What you are asked to do —
Could you output each line below exactly as it appears, excluding any pictures?

Stored data —

************

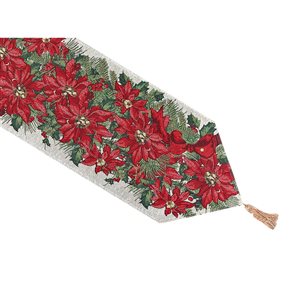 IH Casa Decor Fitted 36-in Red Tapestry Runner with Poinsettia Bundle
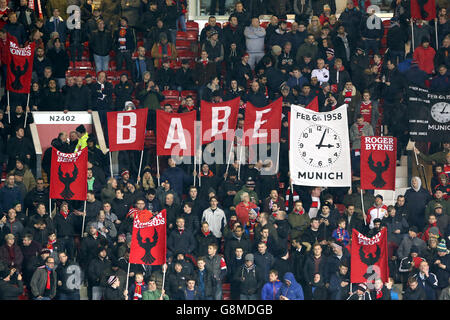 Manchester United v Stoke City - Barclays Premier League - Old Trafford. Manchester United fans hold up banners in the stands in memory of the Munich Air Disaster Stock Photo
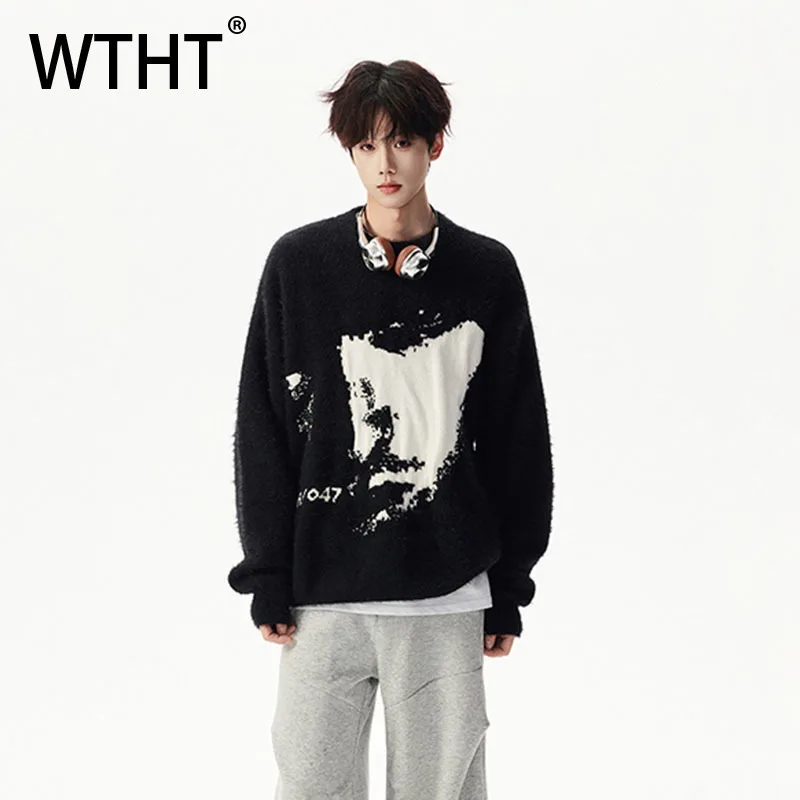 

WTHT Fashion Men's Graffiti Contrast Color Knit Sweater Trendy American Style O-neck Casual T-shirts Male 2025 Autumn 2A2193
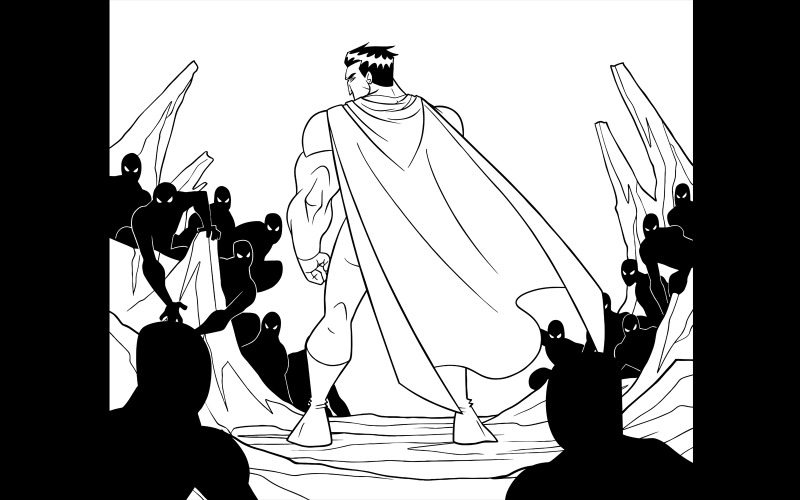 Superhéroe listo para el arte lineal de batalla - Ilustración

************

Task solution —
 IH Casa Decor Fitted 36-in Red Tapestry Runner with Poinsettia Bundle
 Manchester United v Stoke City - Barclays Premier League - Old Trafford. Manchester United fans hold up banners in the stands in memory of the Munich Air Disaster Stock Photo

WTHT Fashion Men's Graffiti Contrast Color Knit Sweater Trendy American Style O-neck Casual T-shirts Male 2025 Autumn 2A2193
 Superhéroe listo para el arte lineal de batalla - Ilustración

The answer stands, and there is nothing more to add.